Permia E895500 -3 X
Settled late in the expansion phase of the first empire, Permia was originally an arid garden world, entering a supercontinent glaciation phase, with extensive biomass and diversity. Colonization went normally, and population expanded and spread out particularly along the coasts, focusing on aquaculture. Following the withdrawal and eventual collapse of the empire, permia was well of, having a human habitable environment, and a well developed local society able to easily support tech 7/8. While they were unable to maintain interstellar ships, and only limited insystem ships, they were nonetheless occasionally visited by wantering tramp traders, and had little to interest raiders, especially given their tech/defence abilites (defenders with Jet aircraft, Advanced tanks and nuclear weapons being less far less appealing than neolithic or medieval victims).
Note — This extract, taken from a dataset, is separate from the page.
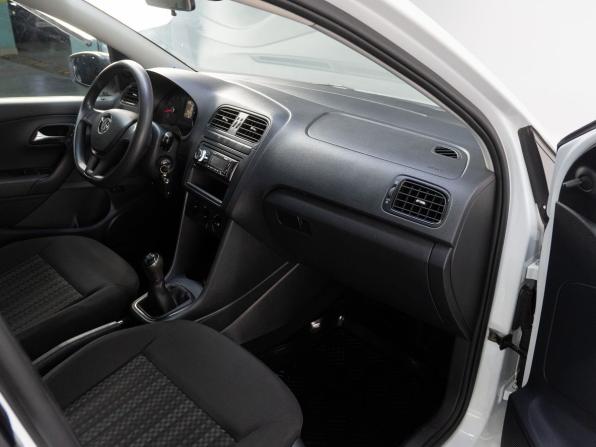 Volkswagen Polo V Рестайлинг с пробегом 2018 года, цена 860 000 рублей, 145191 км, седан, Автокод Объявления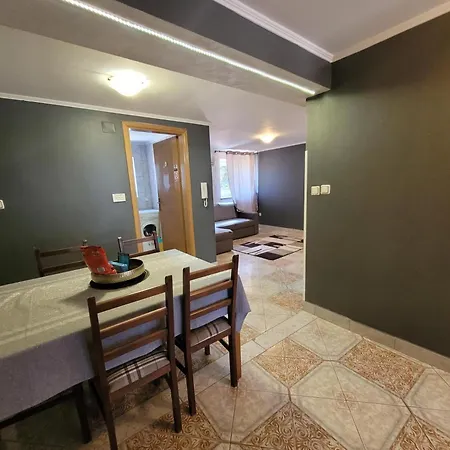 Monterosso With Parking Space * Umag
In short, while the planet stagnated economically, and had to tool down from even imperial standard tech for colonies, they did quite well. eventually, as the long night progressed, contact stopped, at least partly due to the yadda yadda blockade of techtech in the name name wars, and Permia settled into the easy life of a sleepy forgotten backwater planet, with the last recorded stats being 885786. x hundred years later, Permia was rediscovered, and was initially not even connected with the original records. Initial assessment showed an atmosphere of type 9, with extremely high levels of CO2, SO2 and particulate pollution. the ocean wasalmost entirely anoxic and poisoned by rotting organic mass. Glaciation had dropped to 10% of its original level, and the planets temperature had risen by at least 10 degrees (Imperial). The biomass indications were almost nill. Massive volcanic activity was found in the northern hemisphere and the atmosphere was practially opaque, with a low level but significant and increasing greenhouse effect .
At some point during the long night the planet as a whole had essentially died. Gradually across the last few hundred years, at least 80% of all multicellular life on the planet became extinct, including almost all marine life from plankton on up, causing an almost total collapse in the oxygen cycle; oxygen concentration at coast levels was equivalent to that found at 10,000' on Terra. 70-80% of all land based life was extinct, including most large forest areas. The coasts and landscape are choked with slowly decomposing corpses and rotting vegetation; the air is foul and thin, and the planet shrouded in almost perpetual murky twilight. The population has dwindled along with the planet, and now numbers at most seven or eight hundred thousand, mostly nomads in the arid inland areas, or semi-urban populations within the collapsed and largely ruined original coastal cities. Many areas of the continent are entirely isolated by highlands that are now uncrossable due to lowered oxygen content. Government is entirely local, and largely tribal, and extremely prone to conflict. Tech has regressed to pre industrial levels, with high points being weaponry and filter production.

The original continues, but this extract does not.